EXERCISE DIRECTIONS: Nothing in the records below may change; print them all exactly.

LISTED ENTRIES:
════════════════
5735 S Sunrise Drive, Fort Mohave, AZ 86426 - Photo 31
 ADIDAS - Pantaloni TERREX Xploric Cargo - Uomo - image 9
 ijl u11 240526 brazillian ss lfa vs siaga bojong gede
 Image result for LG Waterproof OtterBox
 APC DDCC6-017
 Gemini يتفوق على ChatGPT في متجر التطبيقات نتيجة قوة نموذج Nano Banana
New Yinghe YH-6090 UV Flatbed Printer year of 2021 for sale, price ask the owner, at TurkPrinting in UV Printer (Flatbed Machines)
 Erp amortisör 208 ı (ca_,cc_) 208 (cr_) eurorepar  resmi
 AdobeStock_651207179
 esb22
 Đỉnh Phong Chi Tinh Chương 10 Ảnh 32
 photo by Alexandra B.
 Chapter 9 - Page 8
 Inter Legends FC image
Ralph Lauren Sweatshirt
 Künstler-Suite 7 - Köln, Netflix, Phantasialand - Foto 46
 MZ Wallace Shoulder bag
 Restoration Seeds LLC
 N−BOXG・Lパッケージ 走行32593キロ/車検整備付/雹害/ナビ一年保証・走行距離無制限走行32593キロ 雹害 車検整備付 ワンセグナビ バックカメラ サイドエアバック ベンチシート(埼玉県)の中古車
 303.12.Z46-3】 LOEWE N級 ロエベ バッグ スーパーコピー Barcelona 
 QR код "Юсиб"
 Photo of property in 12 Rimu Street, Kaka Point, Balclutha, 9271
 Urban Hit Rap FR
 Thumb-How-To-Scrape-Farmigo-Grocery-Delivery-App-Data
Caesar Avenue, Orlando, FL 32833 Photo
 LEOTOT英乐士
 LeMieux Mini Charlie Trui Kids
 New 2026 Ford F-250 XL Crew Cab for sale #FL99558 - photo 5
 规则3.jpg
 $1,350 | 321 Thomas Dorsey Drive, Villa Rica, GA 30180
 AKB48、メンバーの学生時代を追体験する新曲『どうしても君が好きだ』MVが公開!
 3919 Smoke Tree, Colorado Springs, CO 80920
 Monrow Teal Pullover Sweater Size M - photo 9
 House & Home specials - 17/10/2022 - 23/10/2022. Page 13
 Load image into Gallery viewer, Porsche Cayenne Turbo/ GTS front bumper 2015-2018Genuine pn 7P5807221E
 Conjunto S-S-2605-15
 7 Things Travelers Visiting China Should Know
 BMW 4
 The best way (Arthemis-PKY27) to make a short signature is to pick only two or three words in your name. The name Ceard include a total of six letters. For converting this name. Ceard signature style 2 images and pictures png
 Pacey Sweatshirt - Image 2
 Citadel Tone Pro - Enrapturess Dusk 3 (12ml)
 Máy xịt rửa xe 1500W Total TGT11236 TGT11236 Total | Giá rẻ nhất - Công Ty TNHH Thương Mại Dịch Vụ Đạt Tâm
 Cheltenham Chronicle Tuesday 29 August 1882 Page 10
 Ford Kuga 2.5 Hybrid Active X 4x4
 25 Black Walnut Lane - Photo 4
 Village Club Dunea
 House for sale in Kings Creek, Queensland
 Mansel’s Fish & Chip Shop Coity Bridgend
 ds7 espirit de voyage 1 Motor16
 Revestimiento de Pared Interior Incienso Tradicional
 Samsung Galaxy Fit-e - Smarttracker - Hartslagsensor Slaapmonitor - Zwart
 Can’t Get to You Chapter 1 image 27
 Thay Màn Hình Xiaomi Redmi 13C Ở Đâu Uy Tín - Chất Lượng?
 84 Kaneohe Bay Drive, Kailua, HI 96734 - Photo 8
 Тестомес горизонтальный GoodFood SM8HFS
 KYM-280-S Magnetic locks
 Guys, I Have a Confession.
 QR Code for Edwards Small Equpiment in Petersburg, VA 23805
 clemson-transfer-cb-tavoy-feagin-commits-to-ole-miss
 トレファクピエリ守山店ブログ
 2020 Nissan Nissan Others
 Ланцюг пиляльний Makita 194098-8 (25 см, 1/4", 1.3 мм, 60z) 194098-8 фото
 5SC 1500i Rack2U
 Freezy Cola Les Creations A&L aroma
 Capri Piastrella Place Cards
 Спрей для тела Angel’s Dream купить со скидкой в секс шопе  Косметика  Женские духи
════════════════
EXPECTED OUTPUT:
5735 S Sunrise Drive, Fort Mohave, AZ 86426 - Photo 31
 ADIDAS - Pantaloni TERREX Xploric Cargo - Uomo - image 9
 ijl u11 240526 brazillian ss lfa vs siaga bojong gede
 Image result for LG Waterproof OtterBox
 APC DDCC6-017
 Gemini يتفوق على ChatGPT في متجر التطبيقات نتيجة قوة نموذج Nano Banana
New Yinghe YH-6090 UV Flatbed Printer year of 2021 for sale, price ask the owner, at TurkPrinting in UV Printer (Flatbed Machines)
 Erp amortisör 208 ı (ca_,cc_) 208 (cr_) eurorepar  resmi
 AdobeStock_651207179
 esb22
 Đỉnh Phong Chi Tinh Chương 10 Ảnh 32
 photo by Alexandra B.
 Chapter 9 - Page 8
 Inter Legends FC image
Ralph Lauren Sweatshirt
 Künstler-Suite 7 - Köln, Netflix, Phantasialand - Foto 46
 MZ Wallace Shoulder bag
 Restoration Seeds LLC
 N−BOXG・Lパッケージ 走行32593キロ/車検整備付/雹害/ナビ一年保証・走行距離無制限走行32593キロ 雹害 車検整備付 ワンセグナビ バックカメラ サイドエアバック ベンチシート(埼玉県)の中古車
 303.12.Z46-3】 LOEWE N級 ロエベ バッグ スーパーコピー Barcelona 
 QR код "Юсиб"
 Photo of property in 12 Rimu Street, Kaka Point, Balclutha, 9271
 Urban Hit Rap FR
 Thumb-How-To-Scrape-Farmigo-Grocery-Delivery-App-Data
Caesar Avenue, Orlando, FL 32833 Photo
 LEOTOT英乐士
 LeMieux Mini Charlie Trui Kids
 New 2026 Ford F-250 XL Crew Cab for sale #FL99558 - photo 5
 规则3.jpg
 $1,350 | 321 Thomas Dorsey Drive, Villa Rica, GA 30180
 AKB48、メンバーの学生時代を追体験する新曲『どうしても君が好きだ』MVが公開!
 3919 Smoke Tree, Colorado Springs, CO 80920
 Monrow Teal Pullover Sweater Size M - photo 9
 House & Home specials - 17/10/2022 - 23/10/2022. Page 13
 Load image into Gallery viewer, Porsche Cayenne Turbo/ GTS front bumper 2015-2018Genuine pn 7P5807221E
 Conjunto S-S-2605-15
 7 Things Travelers Visiting China Should Know
 BMW 4
 The best way (Arthemis-PKY27) to make a short signature is to pick only two or three words in your name. The name Ceard include a total of six letters. For converting this name. Ceard signature style 2 images and pictures png
 Pacey Sweatshirt - Image 2
 Citadel Tone Pro - Enrapturess Dusk 3 (12ml)
 Máy xịt rửa xe 1500W Total TGT11236 TGT11236 Total | Giá rẻ nhất - Công Ty TNHH Thương Mại Dịch Vụ Đạt Tâm
 Cheltenham Chronicle Tuesday 29 August 1882 Page 10
 Ford Kuga 2.5 Hybrid Active X 4x4
 25 Black Walnut Lane - Photo 4
 Village Club Dunea
 House for sale in Kings Creek, Queensland
 Mansel’s Fish & Chip Shop Coity Bridgend
 ds7 espirit de voyage 1 Motor16
 Revestimiento de Pared Interior Incienso Tradicional
 Samsung Galaxy Fit-e - Smarttracker - Hartslagsensor Slaapmonitor - Zwart
 Can’t Get to You Chapter 1 image 27
 Thay Màn Hình Xiaomi Redmi 13C Ở Đâu Uy Tín - Chất Lượng?
 84 Kaneohe Bay Drive, Kailua, HI 96734 - Photo 8
 Тестомес горизонтальный GoodFood SM8HFS
 KYM-280-S Magnetic locks
 Guys, I Have a Confession.
 QR Code for Edwards Small Equpiment in Petersburg, VA 23805
 clemson-transfer-cb-tavoy-feagin-commits-to-ole-miss
 トレファクピエリ守山店ブログ
 2020 Nissan Nissan Others
 Ланцюг пиляльний Makita 194098-8 (25 см, 1/4", 1.3 мм, 60z) 194098-8 фото
 5SC 1500i Rack2U
 Freezy Cola Les Creations A&L aroma
 Capri Piastrella Place Cards
 Спрей для тела Angel’s Dream купить со скидкой в секс шопе  Косметика  Женские духи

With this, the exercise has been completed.